## SUPPLIED DATA
↓

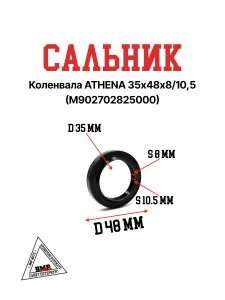 Сальник коленвала ATHENA 35х48х8/10,5 (M902702825000)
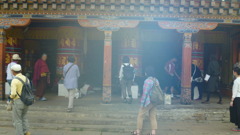 bhutan 161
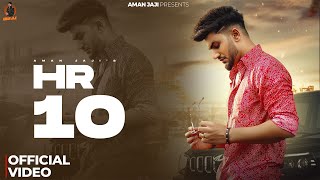 HR10  Aman Jaji New Song  Sonika Singh  Raj Mawar New Song  New Haryanvi Song 2024 [upl. by Anej307]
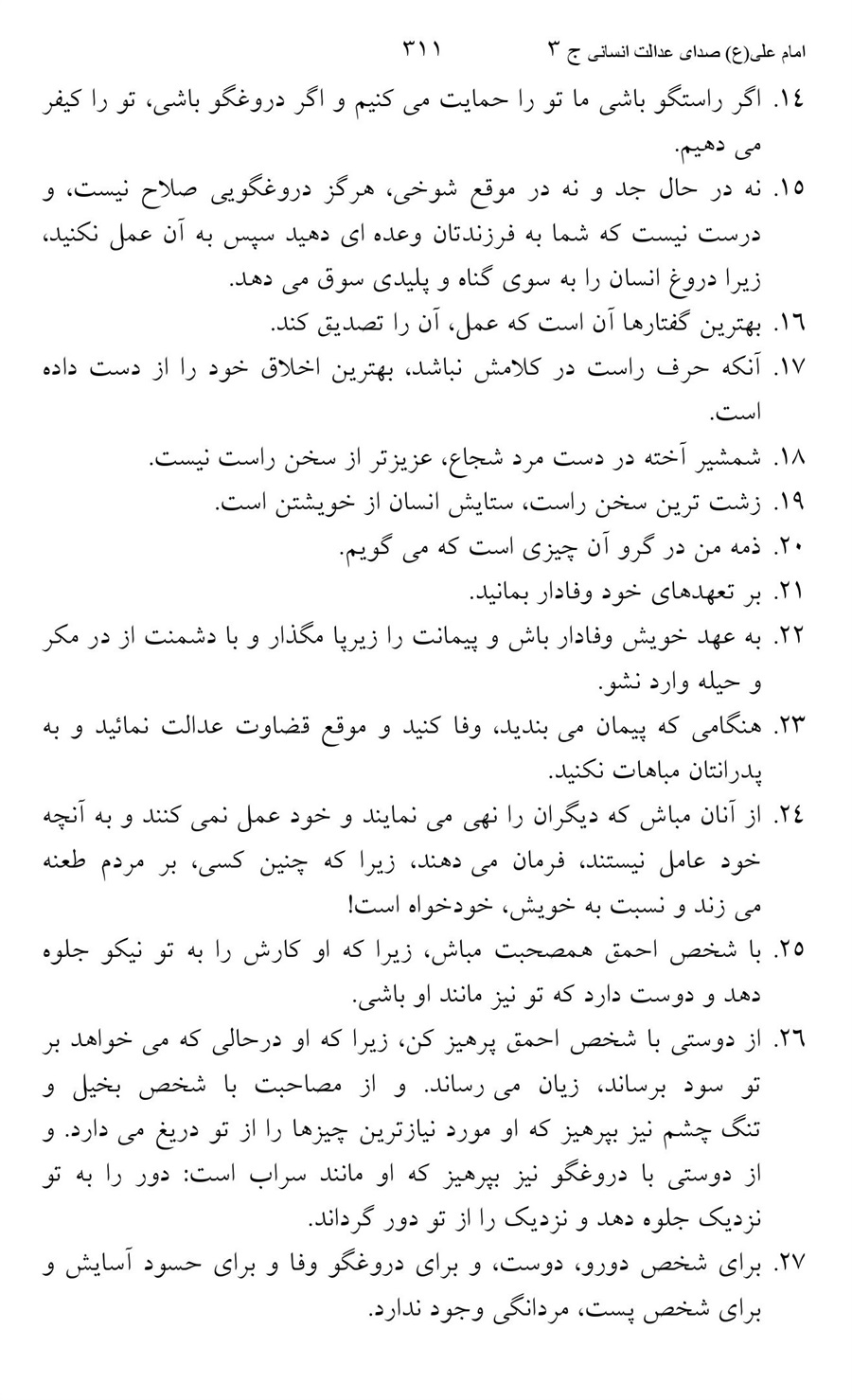 صفحه ۳۱۱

↑

## HOW TO COMPLETE THIS TASK
Leave the pictures out and return the rest of the material exactly.

## SOLUTION
 Сальник коленвала ATHENA 35х48х8/10,5 (M902702825000)
 bhutan 161
 HR10  Aman Jaji New Song  Sonika Singh  Raj Mawar New Song  New Haryanvi Song 2024 [upl. by Anej307]
 صفحه ۳۱۱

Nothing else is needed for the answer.